Web page caption snippets:
^^^^^^^^

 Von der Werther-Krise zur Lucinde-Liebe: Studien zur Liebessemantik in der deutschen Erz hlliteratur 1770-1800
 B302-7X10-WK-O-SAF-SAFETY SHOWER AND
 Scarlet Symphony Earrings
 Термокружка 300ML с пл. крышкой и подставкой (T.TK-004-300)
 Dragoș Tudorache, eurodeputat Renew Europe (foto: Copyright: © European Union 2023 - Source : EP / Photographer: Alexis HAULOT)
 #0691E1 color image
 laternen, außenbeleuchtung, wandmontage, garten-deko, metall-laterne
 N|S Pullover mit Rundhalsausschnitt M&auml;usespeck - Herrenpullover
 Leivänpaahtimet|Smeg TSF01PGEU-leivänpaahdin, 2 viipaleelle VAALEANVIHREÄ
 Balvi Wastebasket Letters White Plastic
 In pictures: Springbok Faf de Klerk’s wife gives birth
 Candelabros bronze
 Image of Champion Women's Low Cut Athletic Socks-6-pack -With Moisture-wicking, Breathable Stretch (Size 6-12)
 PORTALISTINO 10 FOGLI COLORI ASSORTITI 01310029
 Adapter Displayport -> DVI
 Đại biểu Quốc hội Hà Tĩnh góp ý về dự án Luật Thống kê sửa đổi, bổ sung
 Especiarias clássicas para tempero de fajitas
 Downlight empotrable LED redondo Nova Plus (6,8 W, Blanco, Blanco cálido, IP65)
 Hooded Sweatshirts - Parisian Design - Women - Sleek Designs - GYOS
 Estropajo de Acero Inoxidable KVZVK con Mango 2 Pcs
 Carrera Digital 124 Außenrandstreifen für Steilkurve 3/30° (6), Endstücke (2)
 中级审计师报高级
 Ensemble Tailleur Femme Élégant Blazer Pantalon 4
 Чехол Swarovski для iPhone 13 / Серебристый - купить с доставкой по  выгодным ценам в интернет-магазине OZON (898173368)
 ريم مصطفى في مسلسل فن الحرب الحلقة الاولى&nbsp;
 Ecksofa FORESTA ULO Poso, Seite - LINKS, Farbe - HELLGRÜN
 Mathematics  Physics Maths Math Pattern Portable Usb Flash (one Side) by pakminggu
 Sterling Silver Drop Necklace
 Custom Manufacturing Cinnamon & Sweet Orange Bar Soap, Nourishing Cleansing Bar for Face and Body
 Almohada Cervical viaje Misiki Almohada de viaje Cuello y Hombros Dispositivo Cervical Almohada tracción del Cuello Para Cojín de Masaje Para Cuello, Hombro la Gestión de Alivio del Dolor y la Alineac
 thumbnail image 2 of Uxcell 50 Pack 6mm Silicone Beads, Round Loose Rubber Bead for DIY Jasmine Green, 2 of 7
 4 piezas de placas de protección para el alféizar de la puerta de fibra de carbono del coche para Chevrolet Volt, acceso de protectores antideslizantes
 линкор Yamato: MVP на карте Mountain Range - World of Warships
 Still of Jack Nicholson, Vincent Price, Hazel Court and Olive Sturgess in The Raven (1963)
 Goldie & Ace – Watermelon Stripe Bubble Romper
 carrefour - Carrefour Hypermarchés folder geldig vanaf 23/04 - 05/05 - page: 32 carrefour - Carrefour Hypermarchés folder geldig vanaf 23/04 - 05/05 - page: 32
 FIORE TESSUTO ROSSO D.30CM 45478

^^^^^^^^

● **Requirement**
The answer must be a word-for-word transcription of every record above.

● **Result of this task**
 Von der Werther-Krise zur Lucinde-Liebe: Studien zur Liebessemantik in der deutschen Erz hlliteratur 1770-1800
 B302-7X10-WK-O-SAF-SAFETY SHOWER AND
 Scarlet Symphony Earrings
 Термокружка 300ML с пл. крышкой и подставкой (T.TK-004-300)
 Dragoș Tudorache, eurodeputat Renew Europe (foto: Copyright: © European Union 2023 - Source : EP / Photographer: Alexis HAULOT)
 #0691E1 color image
 laternen, außenbeleuchtung, wandmontage, garten-deko, metall-laterne
 N|S Pullover mit Rundhalsausschnitt M&auml;usespeck - Herrenpullover
 Leivänpaahtimet|Smeg TSF01PGEU-leivänpaahdin, 2 viipaleelle VAALEANVIHREÄ
 Balvi Wastebasket Letters White Plastic
 In pictures: Springbok Faf de Klerk’s wife gives birth
 Candelabros bronze
 Image of Champion Women's Low Cut Athletic Socks-6-pack -With Moisture-wicking, Breathable Stretch (Size 6-12)
 PORTALISTINO 10 FOGLI COLORI ASSORTITI 01310029
 Adapter Displayport -> DVI
 Đại biểu Quốc hội Hà Tĩnh góp ý về dự án Luật Thống kê sửa đổi, bổ sung
 Especiarias clássicas para tempero de fajitas
 Downlight empotrable LED redondo Nova Plus (6,8 W, Blanco, Blanco cálido, IP65)
 Hooded Sweatshirts - Parisian Design - Women - Sleek Designs - GYOS
 Estropajo de Acero Inoxidable KVZVK con Mango 2 Pcs
 Carrera Digital 124 Außenrandstreifen für Steilkurve 3/30° (6), Endstücke (2)
 中级审计师报高级
 Ensemble Tailleur Femme Élégant Blazer Pantalon 4
 Чехол Swarovski для iPhone 13 / Серебристый - купить с доставкой по  выгодным ценам в интернет-магазине OZON (898173368)
 ريم مصطفى في مسلسل فن الحرب الحلقة الاولى&nbsp;
 Ecksofa FORESTA ULO Poso, Seite - LINKS, Farbe - HELLGRÜN
 Mathematics  Physics Maths Math Pattern Portable Usb Flash (one Side) by pakminggu
 Sterling Silver Drop Necklace
 Custom Manufacturing Cinnamon & Sweet Orange Bar Soap, Nourishing Cleansing Bar for Face and Body
 Almohada Cervical viaje Misiki Almohada de viaje Cuello y Hombros Dispositivo Cervical Almohada tracción del Cuello Para Cojín de Masaje Para Cuello, Hombro la Gestión de Alivio del Dolor y la Alineac
 thumbnail image 2 of Uxcell 50 Pack 6mm Silicone Beads, Round Loose Rubber Bead for DIY Jasmine Green, 2 of 7
 4 piezas de placas de protección para el alféizar de la puerta de fibra de carbono del coche para Chevrolet Volt, acceso de protectores antideslizantes
 линкор Yamato: MVP на карте Mountain Range - World of Warships
 Still of Jack Nicholson, Vincent Price, Hazel Court and Olive Sturgess in The Raven (1963)
 Goldie & Ace – Watermelon Stripe Bubble Romper
 carrefour - Carrefour Hypermarchés folder geldig vanaf 23/04 - 05/05 - page: 32 carrefour - Carrefour Hypermarchés folder geldig vanaf 23/04 - 05/05 - page: 32
 FIORE TESSUTO ROSSO D.30CM 45478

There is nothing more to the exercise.